Ils soutiennent que :

- sur l'interprétation des clauses de l'accord de règlement, le délai expirant au 13 mai 2018 n'était aucunement constitutif d'une date butoir pour terminer le chantier mais pour transmettre à l'assureur l'intégralité des factures afférentes aux travaux de reconstruction, et les factures ne sont pas nécessairement émises après la réalisation de la prestation concernée ;

- à titre subsidiaire, si la cour devait considérer que l'accord de règlement devait être interprété comme contraignant les assurés à avoir terminé les travaux de reconstruction avant le 13 mai 2018, une telle exigence constitue une clause abusive au sens des dispositions de l'article 212-1 du code de la consommation ;

- à titre encore plus subsidiaire, la clause relative au délai de reconstruction ne leur est pas opposable en raison de la situation de force majeure dans laquelle ils se sont trouvés ;

- à titre infiniment subsidiaire, ils ont produit avant la date du 13 mai 2018 des factures relatives à des démolitions et déblais complémentaires et des frais de mise en conformité, des honoraires d'architectes, de SPS et de BC et une perte d'usage ;

- le refus de la SA AXA France IARD de verser l'indemnité différée a engendré des chefs de préjudice et doit être réparé compte-tenu de la faute commise par leur co-contractant en application de l'article 1231-1 du code civil.

En réponse aux prétentions de l'intimée, les appelants font valoir que :

- la clause de déchéance de garantie est inopposable comme n'étant pas mentionnée en caractères « très apparents » dans les polices d'assurance ;

- ils ne sont pas de mauvaise foi.

[*]

Aux termes de ses conclusions n° 2 notifiées le 3 juillet 2023, l'intimée a demandé à la cour de confirmer le jugement entrepris dans toutes ses dispositions, et à titre subsidiaire de les débouter les appelants leurs demandes tendant au paiement de l'indemnité différée ou de la somme de 109.564 euros.
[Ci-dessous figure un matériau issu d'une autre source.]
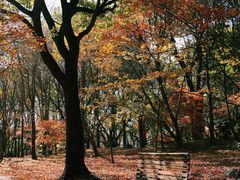 -上海共青森林公园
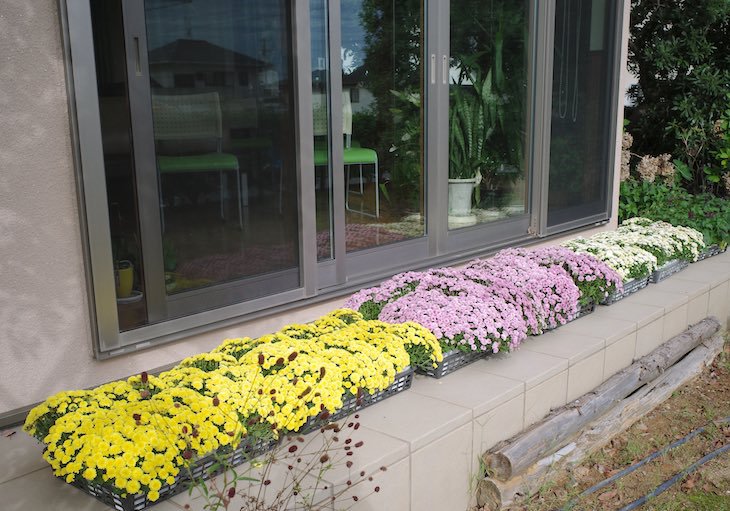 鉢植えの花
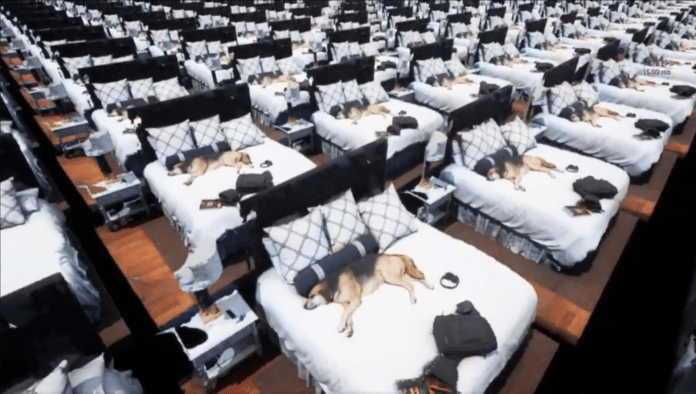 Unreal Engine 5 Gary Freeman photorealistic dog demo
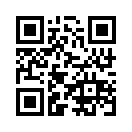 QR CODE 281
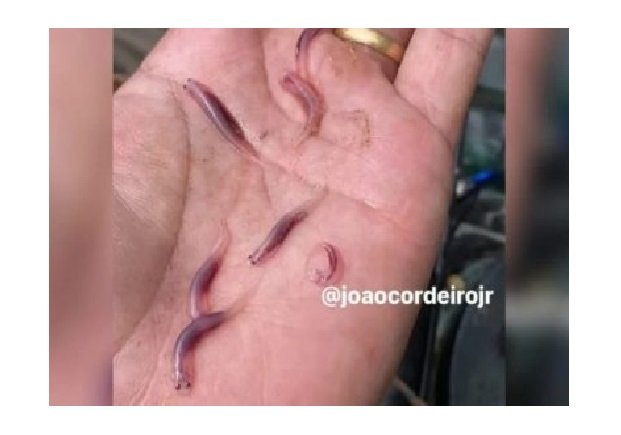 Peixe que penetra orifícios humanos assusta banhistas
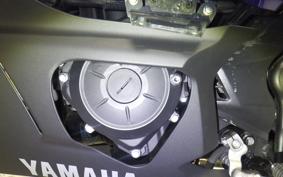 YAMAHA YZF-R25 2022 RG43J
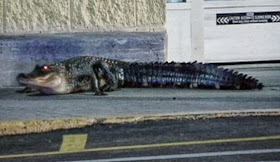 Walmart Alligator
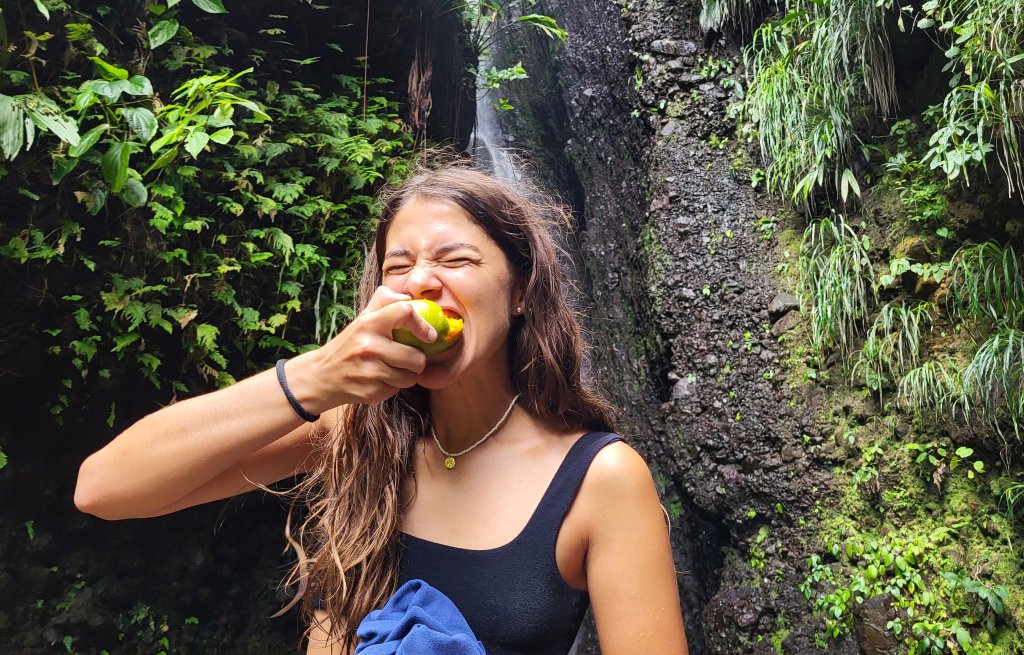 Herrlich süsse Mangos essen.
Elle demande également à la cour de condamner M. et Mme X. au paiement de la somme de 5.000 euros en application de l'article 700 du code de procédure civile et aux entiers dépens de l'instance, distraits au profit de Me Grimaud, SELARL Lexavoué Grenoble.

Elle soutient que :

- M. et Mme X. avaient pour obligation contractuelle, pour bénéficier de l'indemnité différée, de faire reconstruire leur maison avant le 13 mai 2018, la clause prévue en ce sens au contrat, puis dans l'accord de règlement étant parfaitement valable ;

- c'est à bon droit qu'elle a opposé à M. et Mme X. la déchéance de la garantie contractuelle, compte-tenu des manœuvres utilisées par ces derniers pour obtenir indûment le bénéfice de l'indemnité d'assurance ;

- subsidiairement, si la déchéance de garantie ne devait pas être prononcée, il serait constaté que M. et Mme X. n'ont pas procédé à la reconstruction de leur maison avant le 13 mai 2018 de telle sorte qu'ils ne peuvent prétendre au versement de l'indemnité différée.

 

MOTIFS (justification de la décision)                                  (N.B. : mention ne figurant pas sur l’original)

MOTIFS DE LA DÉCISION :

1. Sur la demande en paiement d'indemnité différée :

a) sur l'interprétation de l'accord transactionnel

Aux termes de leurs dernières conclusions, les époux X. estiment que seul l'accord de règlement, plus précis que les conditions générales, leur est opposable et qu'il doit être interprété en ce sens que 'le délai expirant au 13 mai 2018 n'était aucunement constitutif d'une date butoir pour terminer le chantier, mais pour transmettre à la compagnie l'intégralité des factures afférentes aux travaux de reconstruction', ce qui se déduit de l'existence d'un troisième alinéa, dérogatoire.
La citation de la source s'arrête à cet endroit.